Después de media hora, sacaron los enormes kits de pulseras DIY (‘Do It Yourself’, hazlo tú mismo) para hacer abalorios con gomas de colores y cuentas. “Mamá nos propuso dar una vuelta fuera, pero a mí me daban mucho miedo las calles sin semáforos, así que le dije que no”, explica Cristina, que optó por aprovechar la luz natural para leer, en papel, ‘Asesinato para principiantes’, de Holly Jackson. Su hermana hizo lo mismo con ‘Escuela del bien y del mal’, de Soman Chainani.

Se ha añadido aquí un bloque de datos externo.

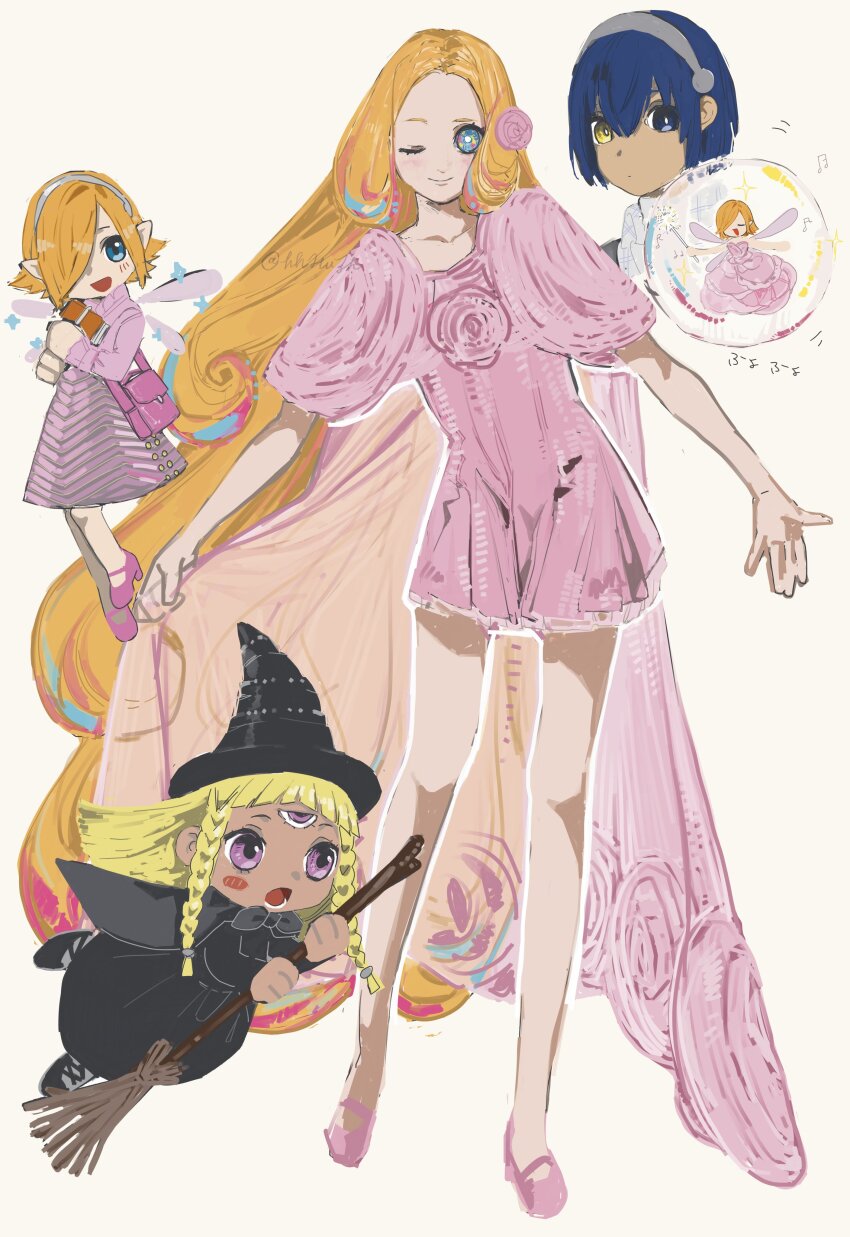 3girls absurdres alternate_costume black_cape black_dress black_hat blue_eyes blue_hair blush broom broom_riding cape chibi closed_eyes commentary_request dark-skinned_female dark-skinned_male dark_skin dress eupha_(metaphor:_refantazio) fairy fairy_wings gallica_(metaphor:_refantazio) grey_hairband hair_over_one_eye hairband hat heterochromia hhhuzh highres junah_(metaphor:_refantazio) long_hair looking_at_viewer metaphor:_refantazio mini_person minigirl multiple_girls one_eye_closed one_eye_covered orange_hair pink_dress pink_shoes pointy_ears protagonist_(metaphor:_refantazio) purple_eyes shoes short_hair simple_background size_difference third_eye twitter_username very_long_hair white_background wings witch witch_hat yellow_eyes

«Mamá nos propuso dar una vuelta por la calle, pero a mí me daba mucho miedo las calles sin semáforos, así que nos quedamos en casa leyendo»
«Me gustó vivir una tarde así. Pensé en mi padre cuando era pequeño y me hizo ilusión hacer lo que él hacía a mi edad: pasear, comer pipas y hablar con los amigos»
Llamar a gritos
El apagón pilló a Adriana, madrileña de 16 años, en el instituto donde estudia 1º de bachillerato. Caminó hasta su casa, donde su madre, que tuvo que dejar de teletrabajar cuando se fue la luz, estaba comiendo una ensalada y unas sardinas de lata. El mismo menú frío tomó Adriana, que tiene veneración por su móvil y que decidió hacer algo que pocas veces (¿nunca?) hace: abandonar el inservible aparato y salir a la calle para buscar a su amiga Rebeca, que vive muy cerca, y dar un paseo largo. No le mandó un whatsapp, evidentemente. Cuando llegó a su portal tampoco le pudo tocar por el telefonillo. Suerte que vive un primer piso y la pudo llamar a gritos, un gesto grabado a fuego en la generación EGB, la última que reinó en la calle.
“Me gustó vivir una tarde así. Pensé en mi padre cuando era pequeño y me hizo ilusión hacer lo que él hacía a mi edad: pasear, comer pipas y hablar con los amigos. Fue divertido porque Rebeca y yo nos encontramos, de casualidad, con amigos de clase que habían hecho lo mismo que nosotras, salir a pasear por el barrio”, explica Adriana, que confiesa, con toda la ingenuidad que le brindan sus 16 años, que no le importaría vivir otro apagón.